Graphene Semiconductors – The Next Big Innovation in Electronics?
By now, since first being patented in 2006, you may have heard of a remarkable new material called graphene. Stronger and lighter than any other manmade material and 200 times more conductive than copper, graphene is seemingly set to turn the electronics world on its head. Or is it? You see graphene, while bearing some amazing properties has proven very hard for engineers and scientists to work with.
What is graphene?
Graphene, is a crystalline formation of carbon atoms in a distinct hexagonal arrangement. Due to this atomic arrangement at the microscopic level, graphene has distinct zero-gap semiconductor properties that allow for the flow of electrons much easier than other conductor materials. The other property that makes graphene so interesting to researchers is its strength. Graphene is strong for the same reason that diamonds are so strong. The electrical interaction that bonds atoms together is especially strong in carbon atoms, which comprise both materials.
Why are researchers so interested in graphene?
In electronics the main interest is in improving semiconductor technology. Currently our electronics utilize silicon based transistor technology. One of the main problems we face today is that there seems to be a limit to how small we can make logic gates at the microscopic level and still have them be able to be able to withstand the electrical currents required to make them work. Researchers have found that Graphene based transistor gates can operate with a lot less energy therefore operate at a much higher clock speed without harming the chip. This means potentially smaller and more stable computing devices than ever before opening a new world of electronics innovation.
Why isn’t graphene based electronics everywhere now?

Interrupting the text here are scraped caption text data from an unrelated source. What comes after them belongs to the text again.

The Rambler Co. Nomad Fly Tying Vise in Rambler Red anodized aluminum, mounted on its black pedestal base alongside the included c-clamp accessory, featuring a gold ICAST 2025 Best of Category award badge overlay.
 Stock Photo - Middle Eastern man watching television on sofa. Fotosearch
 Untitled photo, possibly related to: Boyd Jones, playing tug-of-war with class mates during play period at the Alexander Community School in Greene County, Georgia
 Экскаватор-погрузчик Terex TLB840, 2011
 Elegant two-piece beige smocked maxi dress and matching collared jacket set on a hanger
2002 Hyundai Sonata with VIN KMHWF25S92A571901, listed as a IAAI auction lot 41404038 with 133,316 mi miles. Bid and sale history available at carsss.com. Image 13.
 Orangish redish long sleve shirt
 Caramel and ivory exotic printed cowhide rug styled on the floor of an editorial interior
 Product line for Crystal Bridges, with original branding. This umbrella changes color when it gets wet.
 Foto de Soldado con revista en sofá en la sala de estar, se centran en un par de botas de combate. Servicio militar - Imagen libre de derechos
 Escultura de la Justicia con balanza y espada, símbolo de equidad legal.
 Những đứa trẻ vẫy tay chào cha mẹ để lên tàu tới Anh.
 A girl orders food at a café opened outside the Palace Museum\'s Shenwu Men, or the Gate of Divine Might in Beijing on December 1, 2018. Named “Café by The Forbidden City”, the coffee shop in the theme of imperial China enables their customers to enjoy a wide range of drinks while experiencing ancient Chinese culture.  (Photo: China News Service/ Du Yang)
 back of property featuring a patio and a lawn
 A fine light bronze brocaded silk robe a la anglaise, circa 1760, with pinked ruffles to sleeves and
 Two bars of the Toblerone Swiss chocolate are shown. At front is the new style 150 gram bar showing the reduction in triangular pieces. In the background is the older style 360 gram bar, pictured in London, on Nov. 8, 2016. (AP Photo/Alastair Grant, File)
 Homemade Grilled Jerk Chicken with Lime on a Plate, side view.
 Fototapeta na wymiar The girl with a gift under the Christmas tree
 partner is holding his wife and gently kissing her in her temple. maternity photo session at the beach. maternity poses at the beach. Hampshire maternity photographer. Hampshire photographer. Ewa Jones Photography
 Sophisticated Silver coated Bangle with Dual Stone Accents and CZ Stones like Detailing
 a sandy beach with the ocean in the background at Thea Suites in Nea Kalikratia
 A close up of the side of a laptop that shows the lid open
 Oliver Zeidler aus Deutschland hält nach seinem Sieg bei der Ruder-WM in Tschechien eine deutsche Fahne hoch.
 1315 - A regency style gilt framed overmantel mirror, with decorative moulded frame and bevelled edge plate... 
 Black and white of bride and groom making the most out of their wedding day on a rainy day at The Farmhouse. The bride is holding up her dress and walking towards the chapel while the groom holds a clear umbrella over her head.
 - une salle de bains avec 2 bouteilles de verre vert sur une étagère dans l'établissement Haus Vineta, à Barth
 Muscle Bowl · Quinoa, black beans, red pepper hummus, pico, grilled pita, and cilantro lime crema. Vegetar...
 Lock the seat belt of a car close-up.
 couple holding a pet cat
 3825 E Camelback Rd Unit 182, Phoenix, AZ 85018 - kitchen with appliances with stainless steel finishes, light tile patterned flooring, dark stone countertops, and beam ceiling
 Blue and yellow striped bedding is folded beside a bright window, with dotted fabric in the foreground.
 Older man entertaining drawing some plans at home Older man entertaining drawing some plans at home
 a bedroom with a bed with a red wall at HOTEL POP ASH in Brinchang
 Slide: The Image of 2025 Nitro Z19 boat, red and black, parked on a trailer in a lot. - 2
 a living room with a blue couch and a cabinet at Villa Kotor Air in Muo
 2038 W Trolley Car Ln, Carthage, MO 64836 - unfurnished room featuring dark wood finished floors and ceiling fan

Well the short answer is graphene is very hard for manufacturers to use. While very strong in its two-dimensional arrangement, it is very hard to form into the shapes needed to produce new devices. In addition, the chemical and mechanical processes such as wafer bonding used in silicon based semiconductor manufacture vary greatly from the processes needed to make graphene transistors. Thus the machines and infrastructure needed to mass produce simply do not exist. But this has not stopped the scientific community from developing new ideas for this amazing material and the next leap forward in electronics could be just around the corner.